For several days, we went to bed and woke up to high winds. “Most unusual at this time of year!” just about any local would tell me as I asked about the wind. Tim and I were scheduled to go sea kayaking on our last day, weather permitting of course, and I feared it would be cancelled because of the winds. Unfortunately, the winds kept up and we couldn’t do our original program to cross the Caldera from Oia and kayak across to the island opposite Santorini, Thirasia, where we were to have a picnic and watch our last sunset. But we weren’t left too disappointed, the conditions were good enough to go sea kayaking Santorini’s south coast. We’d be visiting beaches only accessible by boat and kayaking among rocks rising out of the sea.
Our small group of adventure travelers got a lesson on paddling technique and then it was time to get geared up. Tim and I had sea kayaked previously in San Diego, but it was hop in and go. For our 7 mile adventure to the deserted black sand Kambia beach, Tim would be manning our rudder with pedal power. To keep the water out of our kayak, we were each suited up with spray skirts. Each kayaker wears the skirts, which fit comfortably with suspenders and then cinch around your waist. Once seated in the kayak, the spray skirts are fitted around the kayak’s cockpit.
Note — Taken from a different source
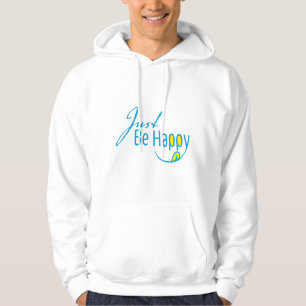 Sudadera Solo sé feliz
Our guides timed the waves crashing into shore and gave a big shove, flipping down our tail rudder, and yelling for each kayak team to paddle! Bobbing, we each mastered turning and were off toward the Red Beach. It takes it name for the iron-rich sedimentary rocks towering above and around the beach and the red sand. Red Beach actually can be reached by foot along a very rocky trail and plenty of people make the 20 minute hike as it is always crowded.
Cliffs dramatically change from black to white
We paddled on, the spray of salt water picking up as we rounded the coast. The cliffs changed from red to black and then in complete stark contrast, white. The sea was roughest on our whole trip at this point and we got quite close to a sea cave that kayaks normally paddle in when the sea is calm.
The towering white cliffs give way to a little opening known as White Beach. Completely secluded, White Beach can only be reached by boat or kayak.
Just about everyone in our group was ready to paddle out of this rough patch of sea and we paddled on toward Kambia Beach, where we’d rest and have a picnic lunch. As we came closer to the black sand beach, we discovered we weren’t alone. Some sailors hadn’t quite anchored their boat properly and had a surprise in the middle of the night when they were tossed into the rocks along the shore.
After a picnic lunch and time to just rest or snorkel from the secluded beach, it was time to suit up and hit the sea again. This was perhaps my favourite part of the sea kayak trip along the South Coast. Huge rock formations began to rise up our of the sea like mountains towering above us. And inlets led to more sea caves dotting the shoreline. It was other worldly. While the sea was much calmer here than it had been near the White Beach, it still wasn’t safe to paddle into the sea caves, which you normally do when the sea is calm.